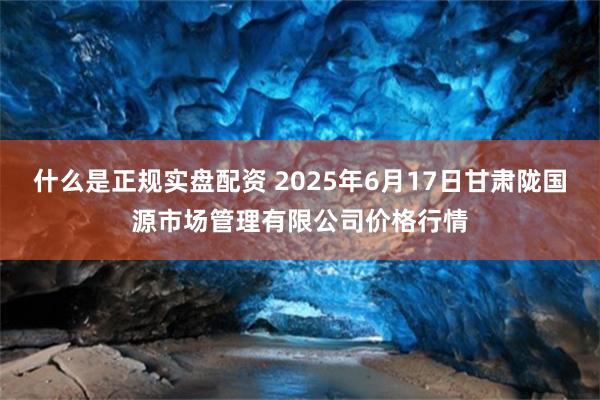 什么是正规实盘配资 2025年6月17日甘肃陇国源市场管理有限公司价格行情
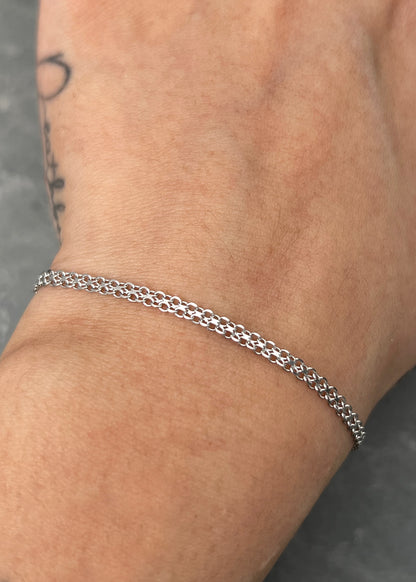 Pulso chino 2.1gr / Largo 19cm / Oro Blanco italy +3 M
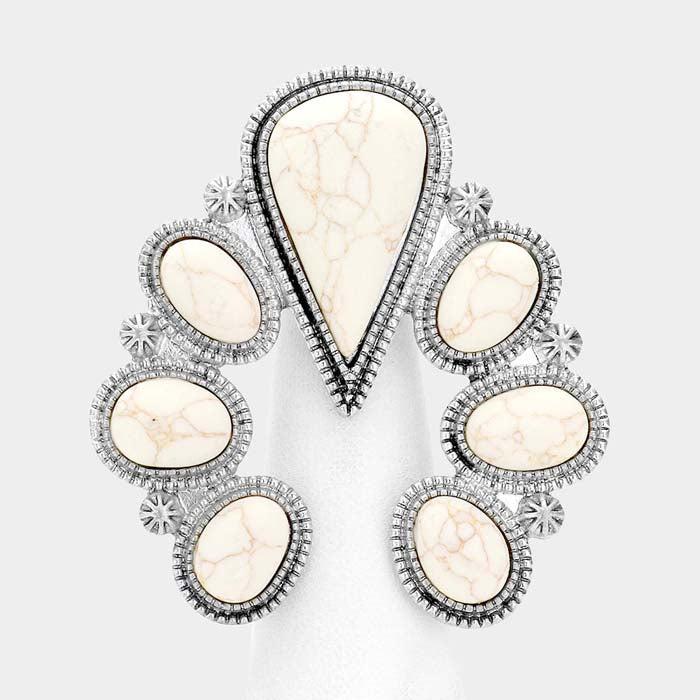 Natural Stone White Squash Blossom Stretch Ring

————————

• About this task
Could you give all of the data again exactly as written, omitting any pictures?

• Exercise result
 什么是正规实盘配资 2025年6月17日甘肃陇国源市场管理有限公司价格行情
 Pulso chino 2.1gr / Largo 19cm / Oro Blanco italy +3 M
 Natural Stone White Squash Blossom Stretch Ring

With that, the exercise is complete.